# Cream



## homesteader25 (May 8, 2014)

I have a Dexter that I'm milking twice a day so I've wanted to make creme fraiche or marscapone cheese. How long does the cream keep in the fridge? Also, I'm over run with milk and want to make cheese; other than mozzarella what is the easiest to make? Thanks!


----------



## DEKE01 (Jul 17, 2013)

Yogurt is as easy and fast as it gets. 

When we were making lots of yogurt we would use it as a substitute for mayo, cream cheese, and sour cream. It wasn't always a great substitute, but in many recipes it was even better.


----------



## janij (Sep 20, 2010)

Cream should last at least a week. I have made butter with 2 wk old cream. 
Queso Fresco is really easy. I found an easy Mozz recipe on a cheese forum I make all the time now.


----------



## homesteader25 (May 8, 2014)

DEKE01 said:


> Yogurt is as easy and fast as it gets.
> 
> When we were making lots of yogurt we would use it as a substitute for mayo, cream cheese, and sour cream. It wasn't always a great substitute, but in many recipes it was even better.

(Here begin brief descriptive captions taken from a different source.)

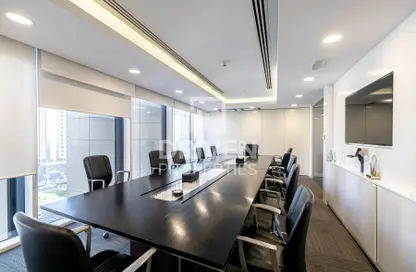 Office Space - Studio - 2 Bathrooms for rent in Maze Tower - Sheikh Zayed Road - Dubai Office Space - Studio - 2 Bathrooms for rent in Maze Tower - Sheikh Zayed Road - Dubai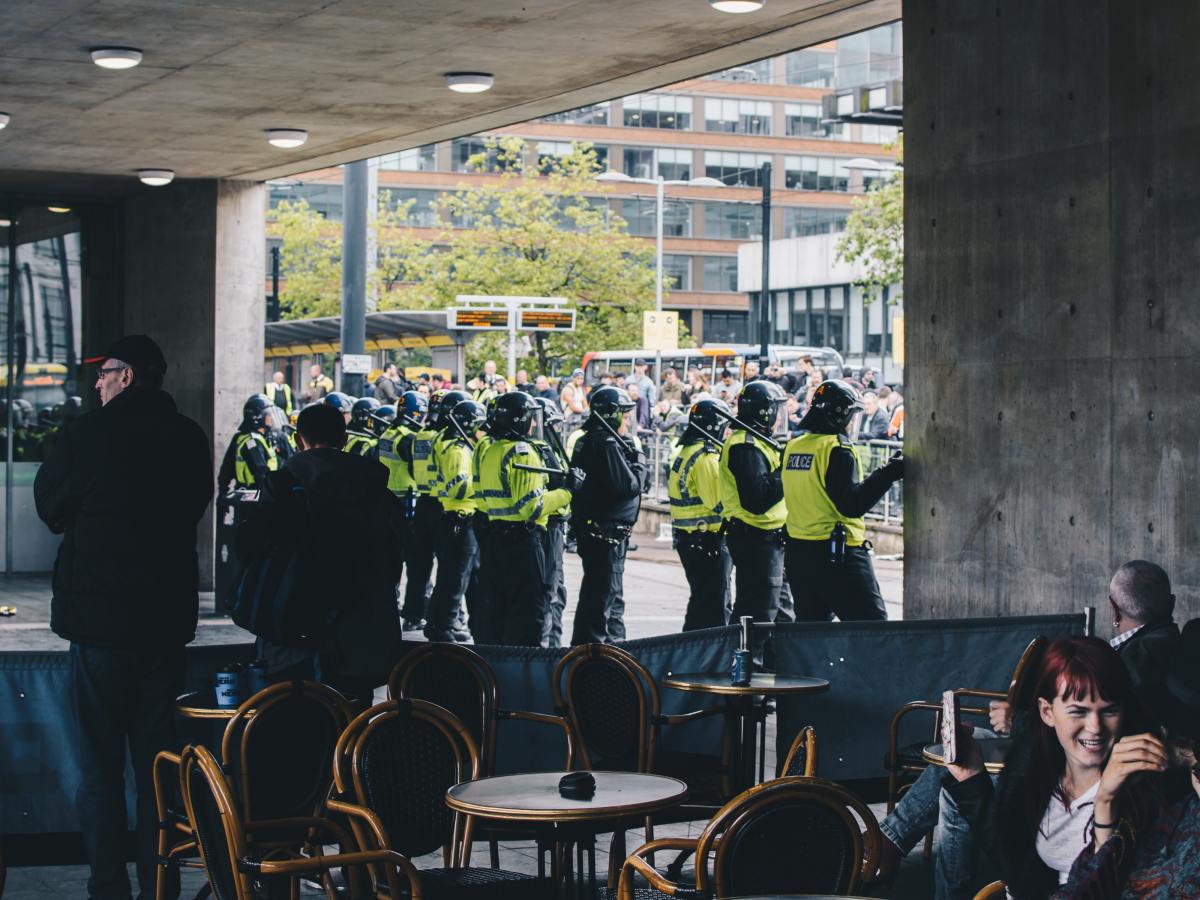 Crisis Morality: A Short&nbsp;Essay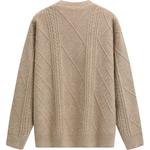 Джемпер унисекс GAP, синий - фото 4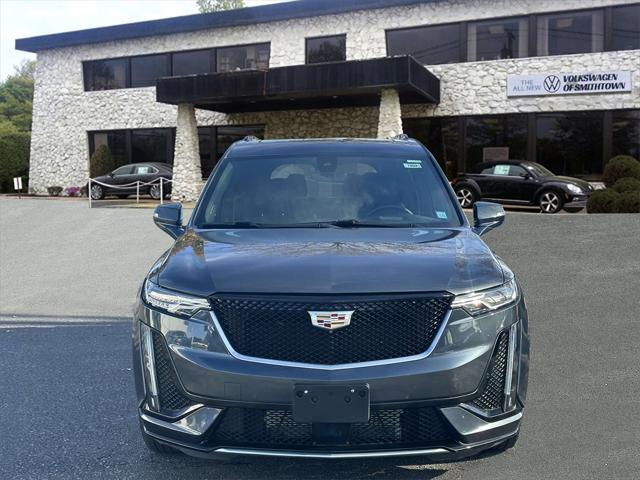 2021 cadillac xt6 sport awd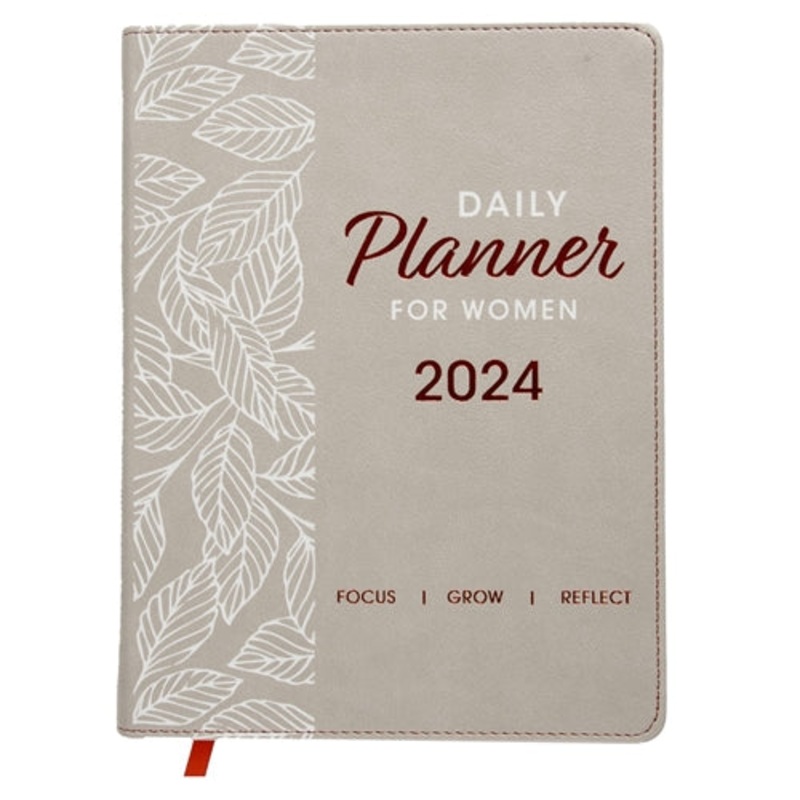 2024-diary-daily-planner-inspirational-beautiful-capable-inspiring-wire-bound 2024 Diary - Daily Planner - Inspirational - Beautiful Capable Inspiring - Wire-bound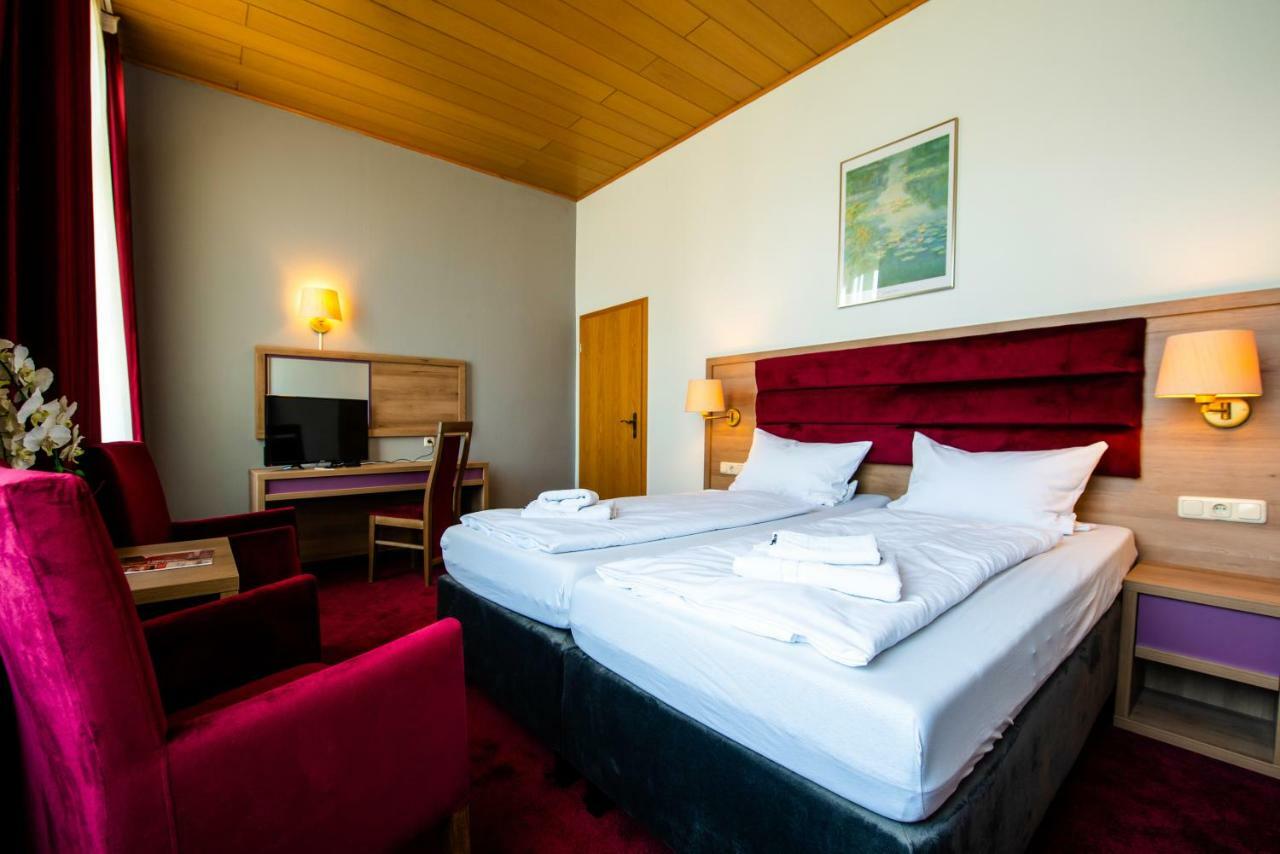 Hotel Fraenkischer Hof Kitzingen Eksteriør billede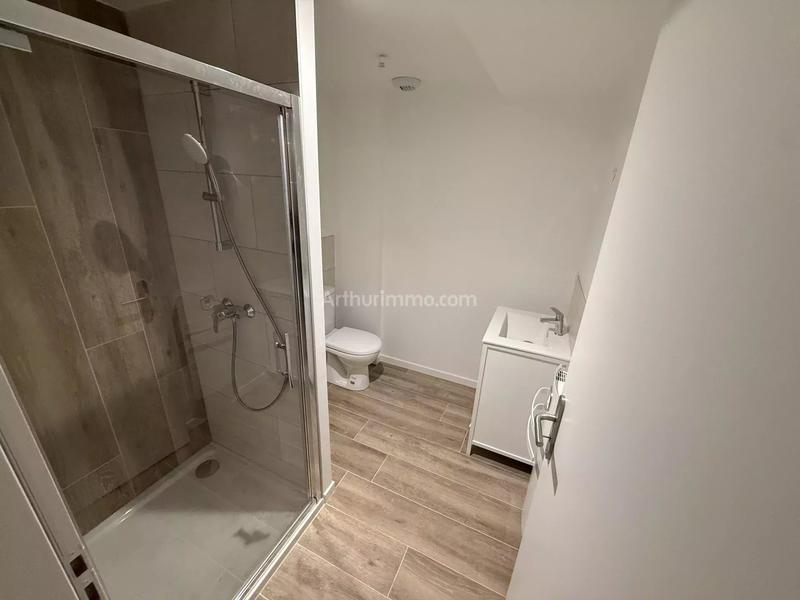 Appartement - 33 m² - 2 pièces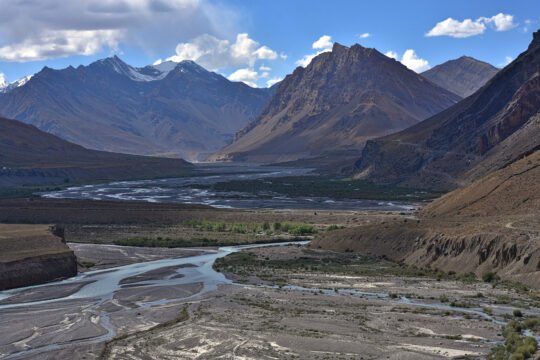 Tourist places in Spiti Valley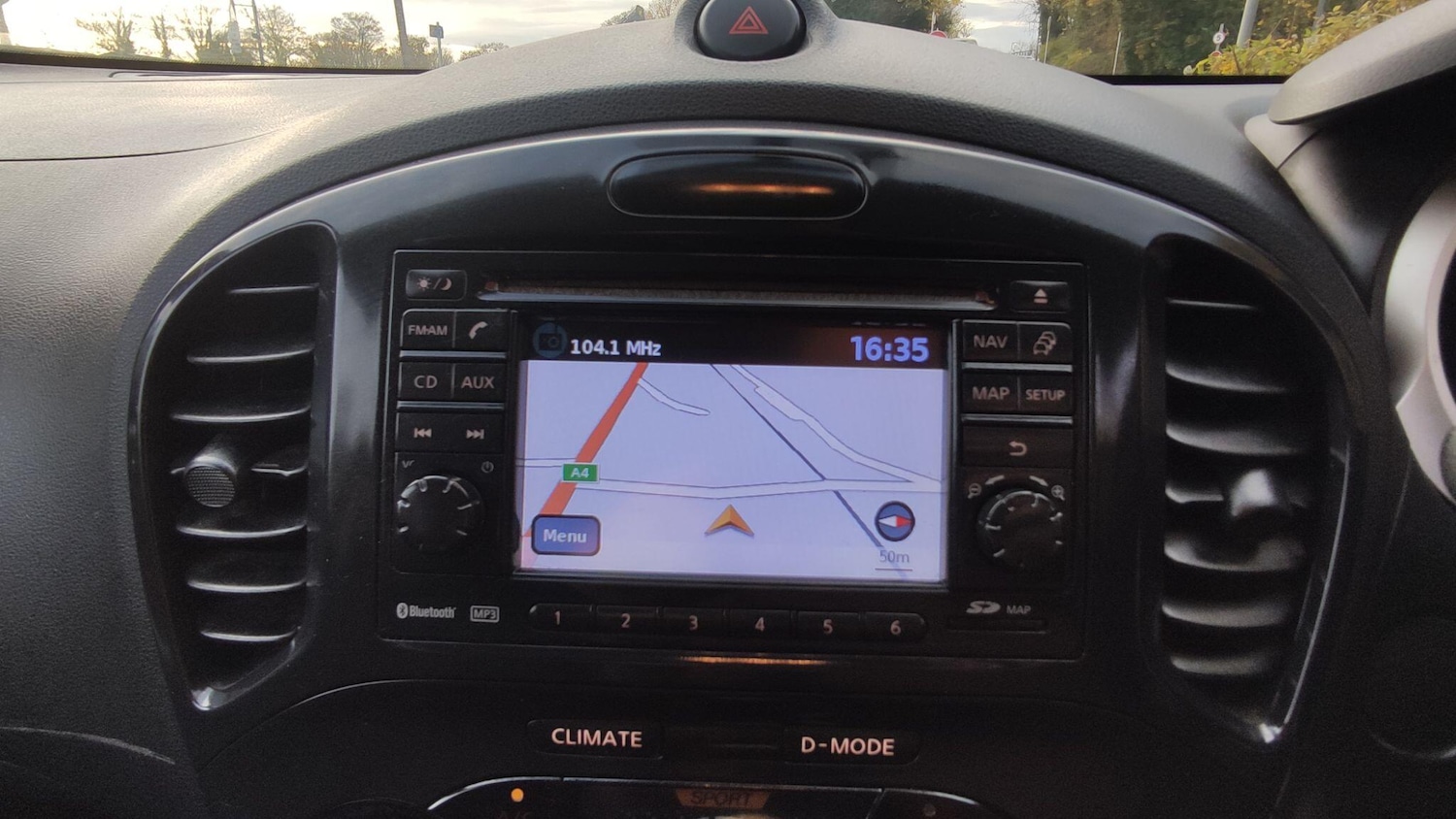 Used Nissan Juke 2012 for sale - 76560875: Photo 16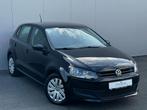 Volkswagen Polo 1.2i Comfortline — slechts 123.000 km!, Auto's, Voorwielaandrijving, Stof, Zwart, 1198 cc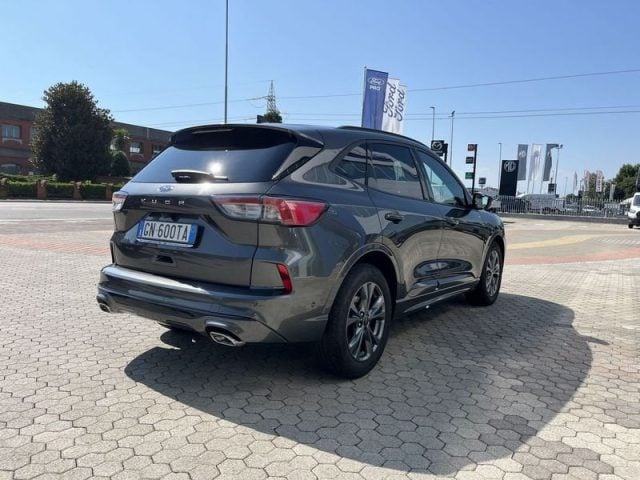Ford Kuga 2.0 EcoBlue 120CV 2WD ST-Line Auto - foto 3 di 4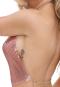 Rosa Metall-Top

That's exactly what I've been doing lol. I have one of those older Salton thermostat yogurt makers so very easy to do. That was milking once a day though, now since its two times a day I want to make cheeses instead. There is only two of us in this family so we are kind of yogurted out


----------



## Laverne (May 25, 2008)

When I want a break from cheese making I siphon out the skim milk after the cream rises to the top in 1/2 gallon jars, and make Ghee or clarified butter. It can be canned. I love it for cooking.


----------



## homesteader25 (May 8, 2014)

Wow, I had no idea. I've been freezing my butter


----------